Activity: Would you copy exactly the lines in the data below from the one that has "Mitsubishi Outlander III" through the one that has "Second-hand Ford Fiesta", dropping any pictures?

[[ Dataset excerpts, beginning ]]

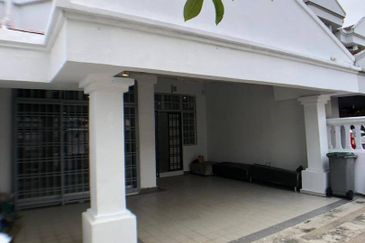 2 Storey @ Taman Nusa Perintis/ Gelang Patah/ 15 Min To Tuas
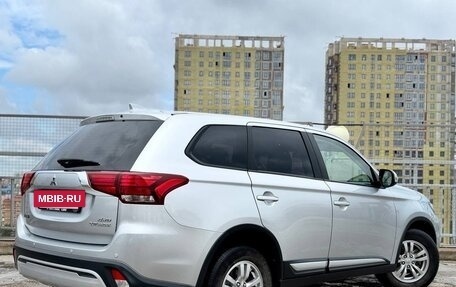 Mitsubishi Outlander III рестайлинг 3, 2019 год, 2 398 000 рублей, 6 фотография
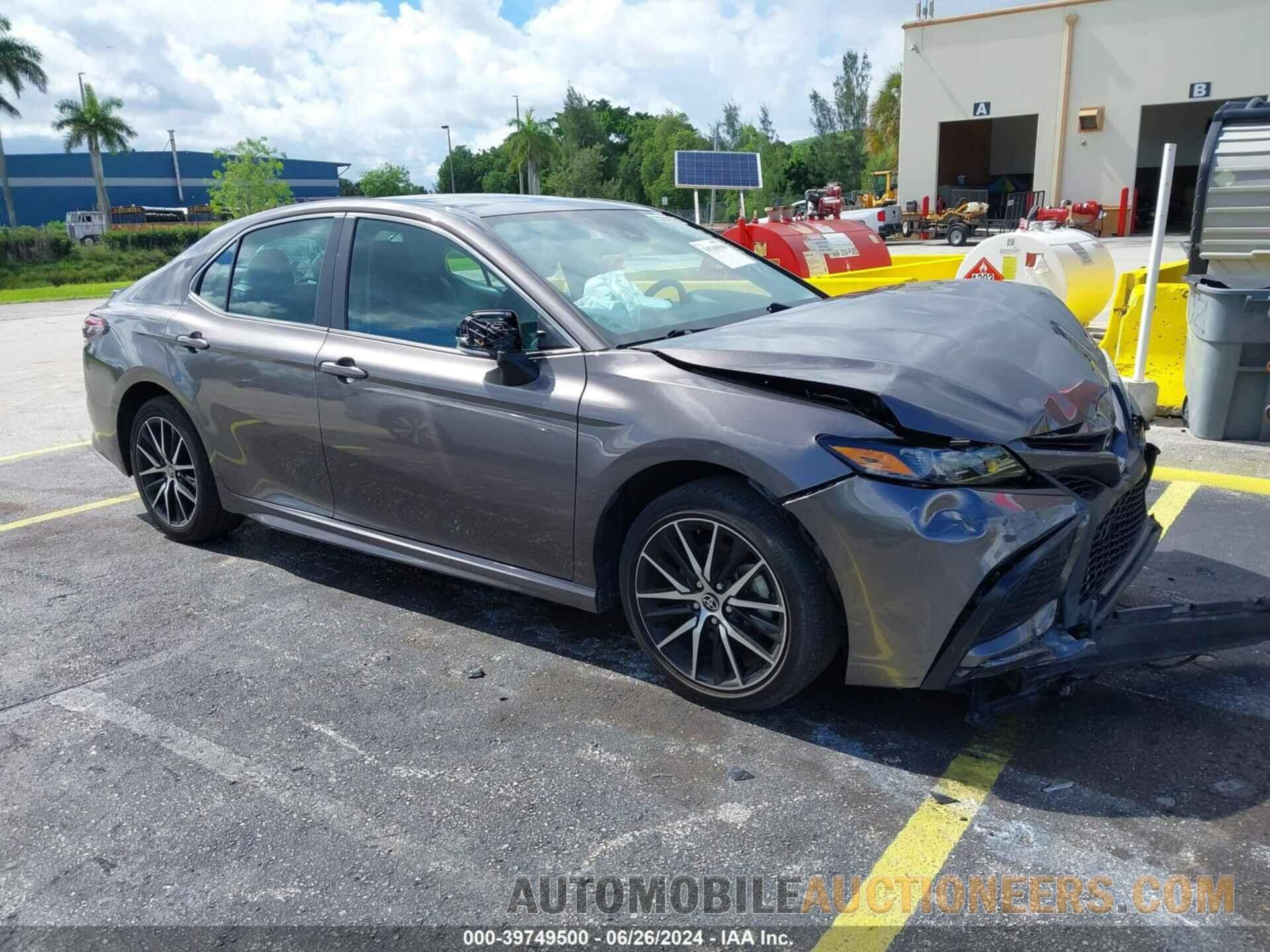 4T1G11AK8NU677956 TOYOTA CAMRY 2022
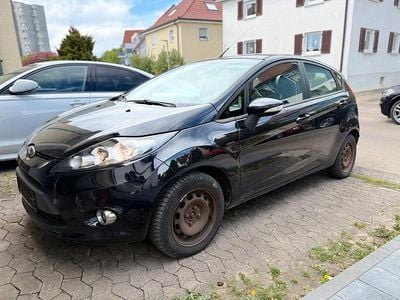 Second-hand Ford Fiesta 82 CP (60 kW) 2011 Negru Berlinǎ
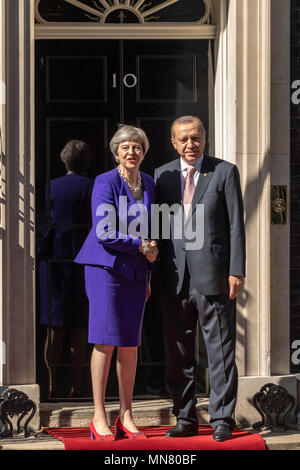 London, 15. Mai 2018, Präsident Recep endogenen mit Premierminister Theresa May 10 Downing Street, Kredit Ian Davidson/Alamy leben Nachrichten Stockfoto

[[ Dataset excerpts, end ]]

Task result:
 Mitsubishi Outlander III рестайлинг 3, 2019 год, 2 398 000 рублей, 6 фотография
 4T1G11AK8NU677956 TOYOTA CAMRY 2022
 Second-hand Ford Fiesta 82 CP (60 kW) 2011 Negru Berlinǎ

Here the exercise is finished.